RECORDS FOR THIS EXERCISE Start Marker

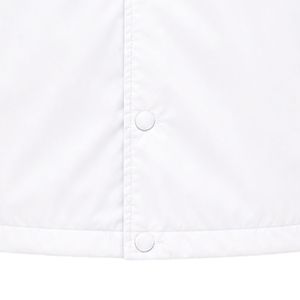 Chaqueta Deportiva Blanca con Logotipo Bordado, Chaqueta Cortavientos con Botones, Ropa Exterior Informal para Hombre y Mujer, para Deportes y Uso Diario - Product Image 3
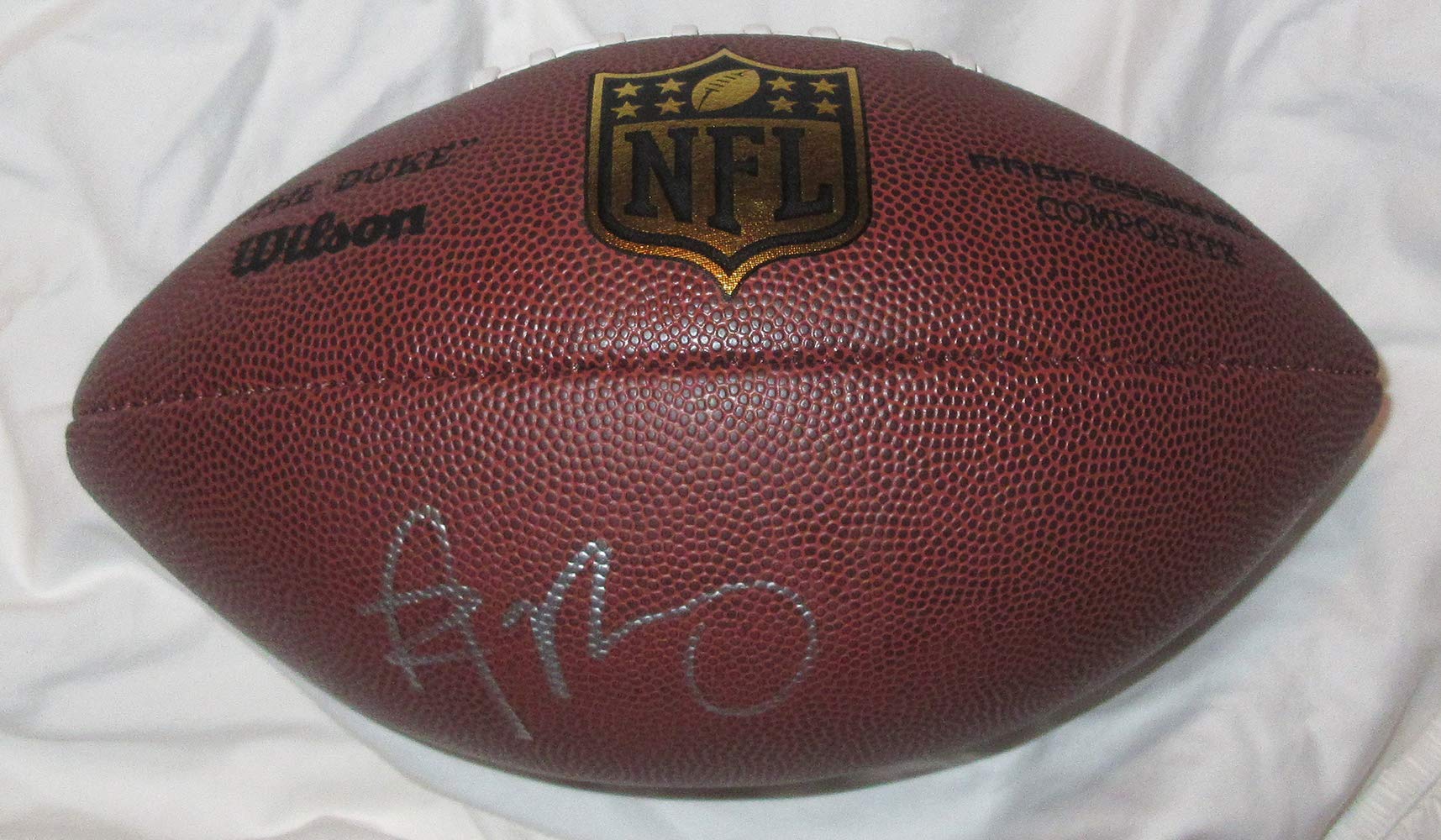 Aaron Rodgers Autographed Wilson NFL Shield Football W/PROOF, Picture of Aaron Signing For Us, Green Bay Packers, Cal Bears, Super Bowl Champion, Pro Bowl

RECORDS FOR THIS EXERCISE End Marker
RECORDS FOR THIS EXERCISE Start Marker

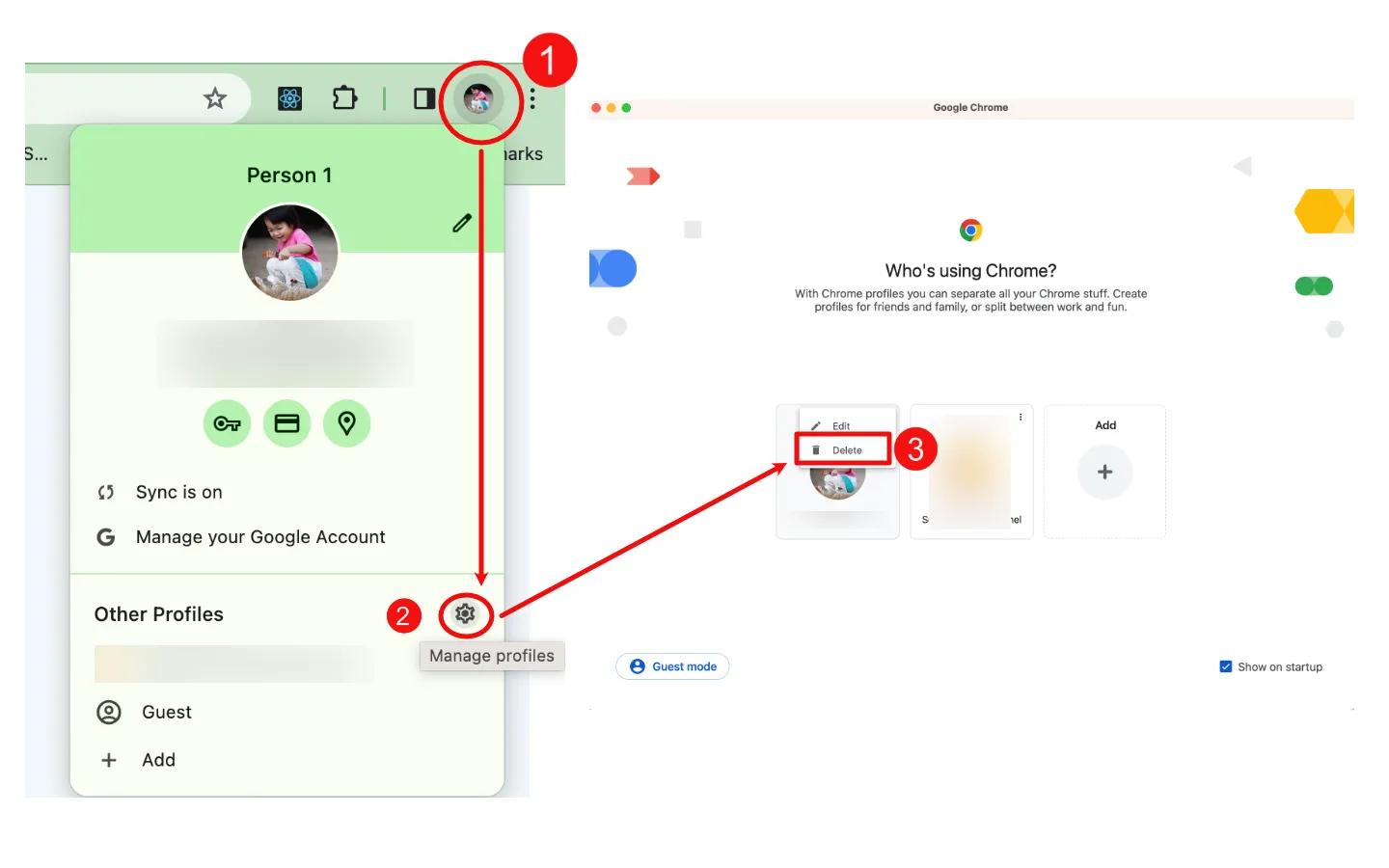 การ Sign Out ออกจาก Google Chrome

RECORDS FOR THIS EXERCISE End Marker
RECORDS FOR THIS EXERCISE Start Marker

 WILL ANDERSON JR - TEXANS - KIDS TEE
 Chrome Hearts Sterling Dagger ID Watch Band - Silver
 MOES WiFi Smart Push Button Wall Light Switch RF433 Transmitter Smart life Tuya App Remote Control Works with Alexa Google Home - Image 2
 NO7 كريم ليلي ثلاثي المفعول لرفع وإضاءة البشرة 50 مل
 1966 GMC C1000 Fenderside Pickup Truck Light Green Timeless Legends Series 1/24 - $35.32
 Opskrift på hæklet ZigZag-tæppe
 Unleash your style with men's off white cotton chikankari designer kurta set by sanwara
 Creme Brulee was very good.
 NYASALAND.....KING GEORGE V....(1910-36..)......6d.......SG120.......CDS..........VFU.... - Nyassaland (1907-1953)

RECORDS FOR THIS EXERCISE End Marker

Lines holding the word "with" should be copied from the entries above.

EXERCISE OUTPUT -
 MOES WiFi Smart Push Button Wall Light Switch RF433 Transmitter Smart life Tuya App Remote Control Works with Alexa Google Home - Image 2
 Unleash your style with men's off white cotton chikankari designer kurta set by sanwara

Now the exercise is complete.